Background
Soybean meal (SBM) is widely used in swine diets as a protein source, but contains various anti-nutritional factors (ANFs) such as trypsin inhibitor, oligosaccharides, antigenic factors and lectin. Anti-nutritional factors limit nutrient availability in weaning pigs [1,2]. Thus, many efforts to improve the nutrient availability of SBM have been made over the past decade.
Recently, fermented SBM (FSBM) inoculated with probiotic bacteria was introduced and evaluated in the diet of weaning pigs [3]. Fermentation of SBM by probiotic bacteria such as Aspergillus oryzae or Bacillus subtilis could degrade ANFs, produce small size peptide compared to conventional SBM (CSBM), and modify amino acid (AA) profiles by microbial AA synthesis and breakdown, resulting in improvement of the AA digestibility [2-4]. Previous studies demonstrated that FSBM supplementation improved protein digestibility in weaning pigs, which resulted from trypsin inhibitor elimination and high activities of protease and trypsin in the small intestine [2,5]. However, there is limited information about ileal AA digestibility of FSBM and other soybean products, and the potential differences of digestibility between FSBMs fermented by different bacterial species. Thus, a comparative study is clearly needed for efficient use of these soybean products in the diet of weaning pigs.
Therefore, the objective of this study is to evaluate apparent ileal digestibility (AID) and standardized ileal digestibility (SID) of crude protein (CP) and AA in different types of soybean products.
Methods
The protocol for the present experiment was approved by the Institutional Animal Care and Use Committee of Seoul National University, Seoul, Republic of Korea.
A total of 14 weaning barrows {[Yorkshire × Landrace] × Duroc; average body weight (BW) of 6.54 ± 0.34 kg} were equipped with simple T-cannula at distal ileum followed by Stein et al. [6] at weaning (24 d of age).
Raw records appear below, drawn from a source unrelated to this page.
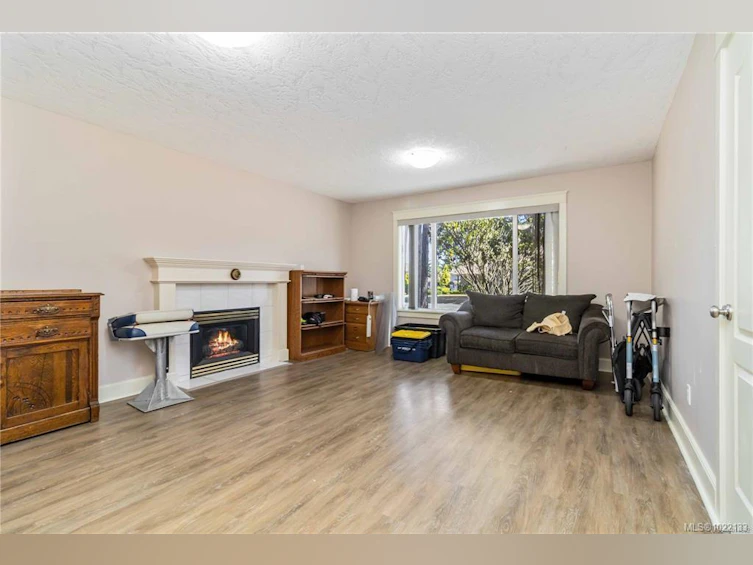 6260 Elaine Way, Central Saanich, BC, V8Z 6A1 - 24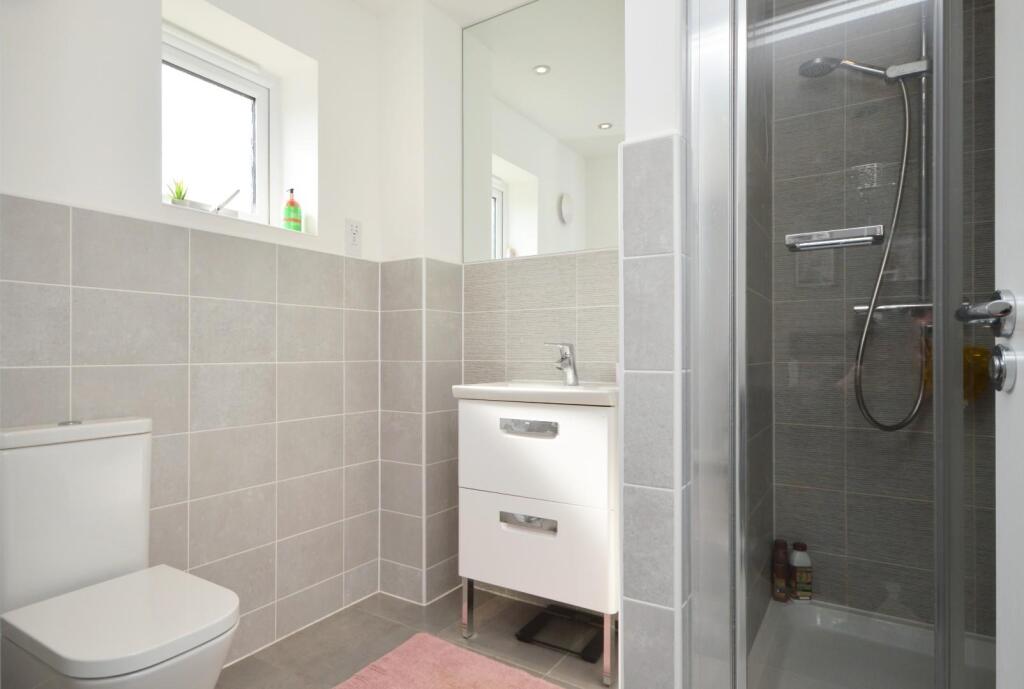 En Suite Shower Room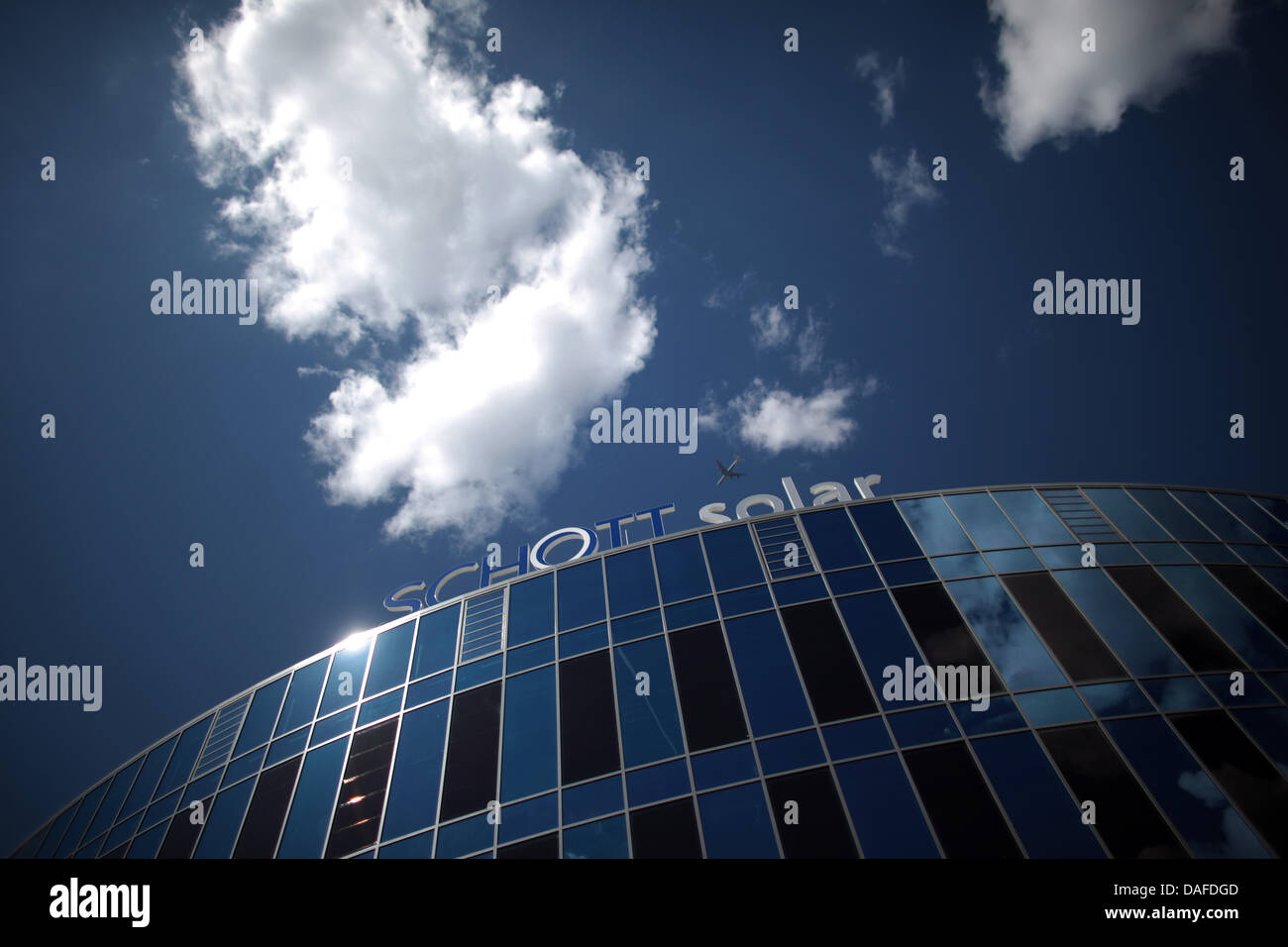 (dpa file) A file picture dated 19 August 2010 of Schott Solat headquarters in Mainz, Germany. Photo: Fredrik von Erichsen Stock Photo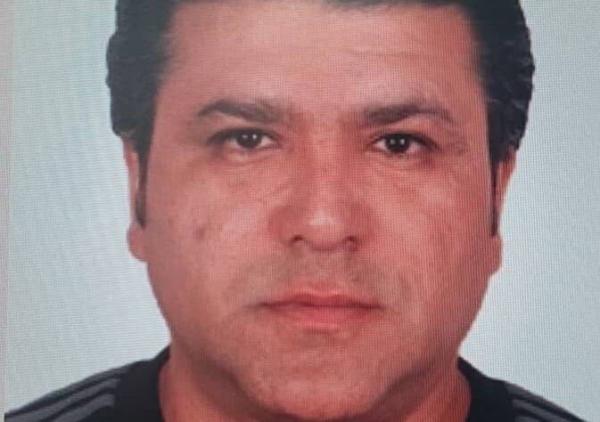 قاتل فراری قاتل فراری,درخواست پلیس از مردم برای شناسایی قاتل فراری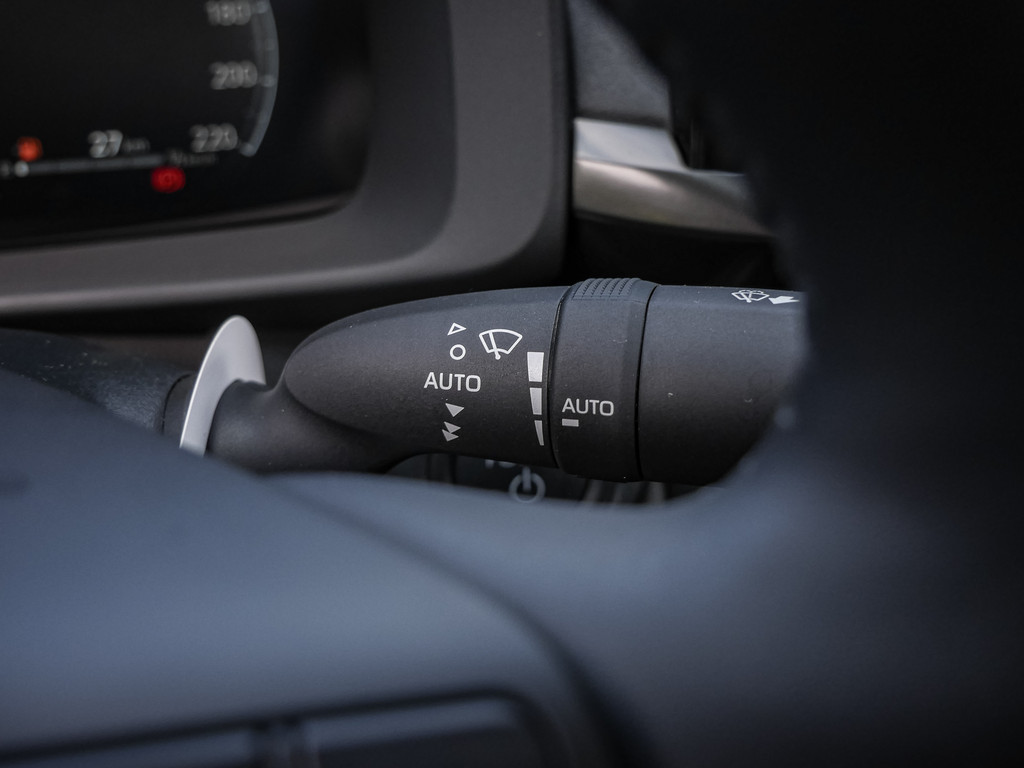 Fahrzeugansicht TOYOTA C-HR 2.0 Plug-In Hybrid Teamplayer - Bild 27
Pigs were allotted to one of 7 diets in a completely randomized design (CRD) and the collection period was spilt into 2 separate groups (Group 1, n = 14; Group 2, n = 14). Dietary treatments were divided by different soybean products as followings: 1) CSBM: conventional SBM, 2) FSBMA: SBM fermented by Aspergillus oryzae GB-107, 3) FSBMB: SBM fermented by Bacillus subtilis PP6, 4) UVFSBMB: UV-sterilized FSBMB, 5) PSBM: SBM containing 0.1% of probiotics (Bacillus subtilis PP6 strain, 1.0 × 105 CFU/g), 6) SPC: soy protein concentrate, and 7) N-free diet: as used to calculate endogenous losses of pigs. All products of FSBM were obtained from feed company (CJ Cheiljedang Co. Ltd, Incheon, Korea). The PSBM was produced by 0.1% addition of Bacillus subtilis PP6 grown on Luria broth in the CSBM as a probiotics. Corn based diets with 130 g/kg of barley were used with each assigned amount of different soybean products. Each experimental diet contained 13.7 MJ of ME/kg, 210.0 g/kg CP, 12.4 g/kg lysine and 3.7 g/kg methionine, and other nutrients were met or exceeded NRC [7] requirement estimates (Tables 1 and 2). To make practical standard for swine industry, soy oil, monocalcium phosphate and limestone were added for energy and Ca/P balance. Since the CP contents of each soybean product were not equal, synthetic lysine and methionine were added to the experimental diets with different levels of the soybean products (369.0, 298.1, 303.6, 303.6, 369.5, and 232.0 g/kg; CSBM, FSBMA, FSBMB, UVFSBMB, PSBM, and SPC, respectively). The N-free diet consisted of corn starch as a main ingredient and contained same levels of vitamins and minerals with other diets. Chromic oxide was added to all experimental diets at 5.0 g/kg as an indicator.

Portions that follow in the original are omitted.